A hilariously realistic look at the mind of a child, with a fun wink-and-nudge message to their parents. Alice and her family’s day, from the declaration of her title to the sense of relief at bedtime, felt so accurate from start to finish that I couldn’t help but chuckle. But Cordell does a good job of balancing her father’s reactions to Alice’s antics – from bemused to harrowed to accidentally injured – with the charm and humor of that age. It makes the story all the more identifiable for adult readers and engaging and entertaining for young bookworms. The frenetic, scribbly-scratchy art fits the tone perfectly, and there are some great details to be found on each page (did I spy a framed picture of the TARDIS?). The length was perfect, and we had a hoot reading it. A great book to enjoy together, and it’s Baby Bookworm approved!

Wolf In The Snow (Matthew Cordell)

Hello, friends! Our book today is the winner of the 2018 Caldecott Medal, Wolf In The Snow by Matthew Cordell, a story in pictures about courage and a kindness repaid.

Told almost entirely without text, the story begins with a little girl in a bright red coat setting off to school one day, just as a pack of wolves and their cub begin a journey of their own. Later, as the girl starts back towards home and the wolf pack continues on, a snow begins to fall, quickly blanketing in the landscape in white and obscuring visibility for the travelers. The wolf cub becomes separated, and soon both it and the little girl find themselves lost – then they find each other. Seeing the cub struggling to move through the deep snow, and hearing it’s family howling for it the distance, the girl picks the cub up and sets out towards the wolf calls. Braving obstacles, animals, and her own fear, the girl returns the cub and sets back towards her own home, but finds she is now too exhausted and cold to continue on, and collapses. Seeing this, the pack surrounds her, protecting her from the elements and using their howls to direct the girl’s searching family to her rescue.

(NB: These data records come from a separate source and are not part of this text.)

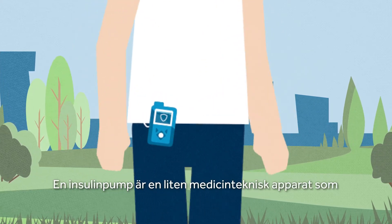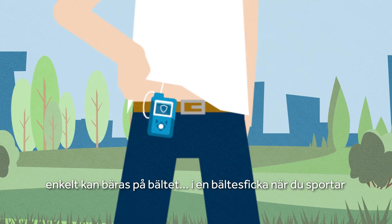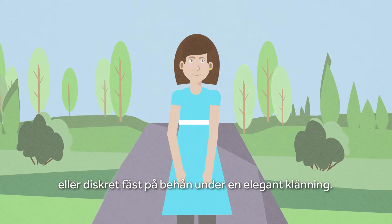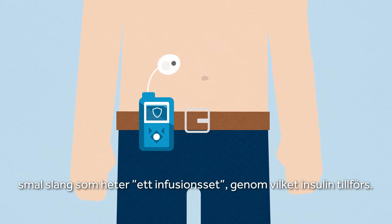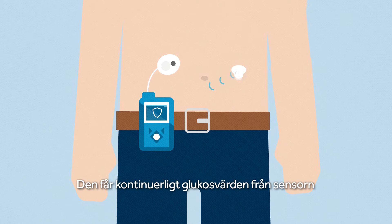An insulin pump is a small electronic device that can easily be worn on a belt, in a belt pouch while playing sports, or discreetly attached to a bra under an elegant dress. The device is connected to your body via a thin tube called an infusion set through which insulin is delivered. It also receives continuous glucose monitoring data from the sensor.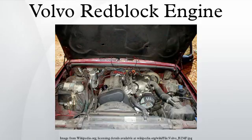Identical to the B230FT engine of that time but with lower boost level. FT — LH Jetronic 2.2/2.4 turbo. FTX — higher power output B230FT.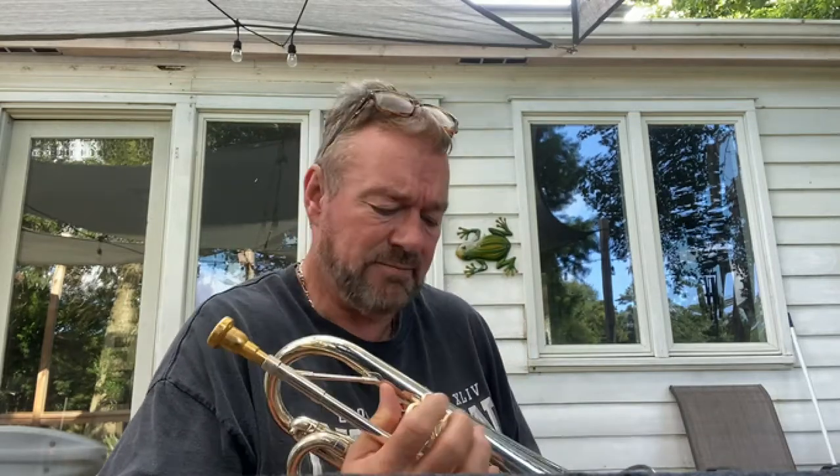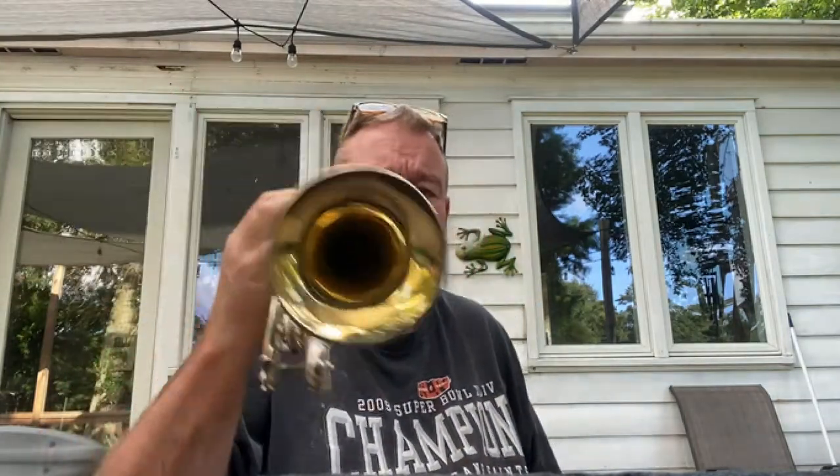Good morning, everybody. So I am out here on my back porch and I am just here to play a few notes. I demonstrate a cornet, a Shepherd's Crook cornet, that I'm selling.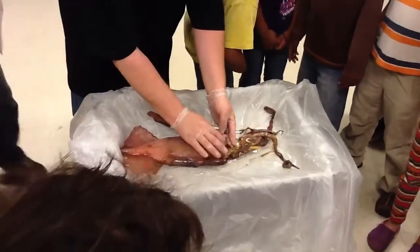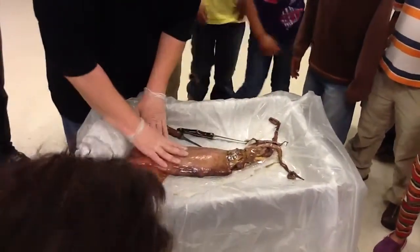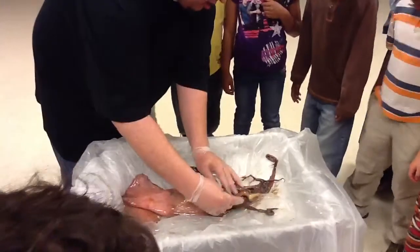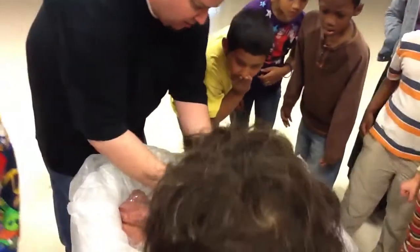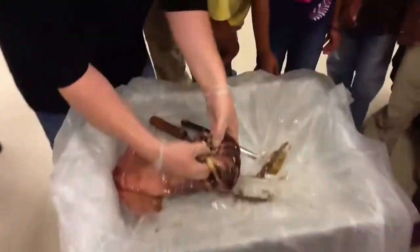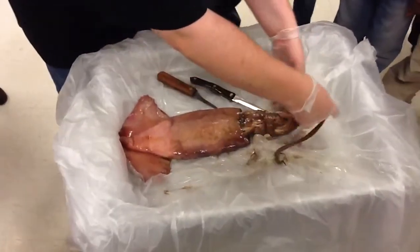It's got an opening — just a little opening right here — and that's where it would blow the water out. And then you can see the beak. Can we see it? It opened up. Beak! You can see it. Black beak, like a bird beak. You can see the side — it's pretty sharp. And it would pull in what it wants to eat and start munching away on it.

Really sweet. It does take a special pictures-only book to hold JJ’s attention (she typically prefers a verbal narrative), but she was enthralled with the story. This is absolutely due to the art, which conveys all the emotion, tension, and characterization needed to portray a moving tale of why it’s important to do the right thing, even if it’s hard or scary. The length is what you make it, depending on how you explore the book with your little ones, and we both enjoyed the strong theme and visuals. A lovely lesson in kindness and selflessness, and it’s Baby Bookworm approved!